__DATA__.

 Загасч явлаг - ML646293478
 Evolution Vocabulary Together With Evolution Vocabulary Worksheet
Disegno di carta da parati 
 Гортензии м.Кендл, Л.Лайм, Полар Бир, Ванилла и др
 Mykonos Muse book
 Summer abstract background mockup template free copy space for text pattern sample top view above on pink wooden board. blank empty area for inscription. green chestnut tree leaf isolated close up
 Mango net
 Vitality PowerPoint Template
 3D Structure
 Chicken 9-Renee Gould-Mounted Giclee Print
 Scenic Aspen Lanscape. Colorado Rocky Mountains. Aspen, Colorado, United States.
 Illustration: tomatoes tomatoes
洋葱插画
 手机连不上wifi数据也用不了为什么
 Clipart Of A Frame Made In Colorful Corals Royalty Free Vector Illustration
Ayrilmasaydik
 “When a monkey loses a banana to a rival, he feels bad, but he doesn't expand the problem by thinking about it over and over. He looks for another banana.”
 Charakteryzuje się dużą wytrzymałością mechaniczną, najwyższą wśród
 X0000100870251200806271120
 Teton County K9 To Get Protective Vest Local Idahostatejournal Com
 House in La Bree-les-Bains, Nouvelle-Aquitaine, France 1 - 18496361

__DIRECTIONS__. All of the material above needs to be transcribed verbatim.

__ANSWER SPACE__.
 Загасч явлаг - ML646293478
 Evolution Vocabulary Together With Evolution Vocabulary Worksheet
Disegno di carta da parati 
 Гортензии м.Кендл, Л.Лайм, Полар Бир, Ванилла и др
 Mykonos Muse book
 Summer abstract background mockup template free copy space for text pattern sample top view above on pink wooden board. blank empty area for inscription. green chestnut tree leaf isolated close up
 Mango net
 Vitality PowerPoint Template
 3D Structure
 Chicken 9-Renee Gould-Mounted Giclee Print
 Scenic Aspen Lanscape. Colorado Rocky Mountains. Aspen, Colorado, United States.
 Illustration: tomatoes tomatoes
洋葱插画
 手机连不上wifi数据也用不了为什么
 Clipart Of A Frame Made In Colorful Corals Royalty Free Vector Illustration
Ayrilmasaydik
 “When a monkey loses a banana to a rival, he feels bad, but he doesn't expand the problem by thinking about it over and over. He looks for another banana.”
 Charakteryzuje się dużą wytrzymałością mechaniczną, najwyższą wśród
 X0000100870251200806271120
 Teton County K9 To Get Protective Vest Local Idahostatejournal Com
 House in La Bree-les-Bains, Nouvelle-Aquitaine, France 1 - 18496361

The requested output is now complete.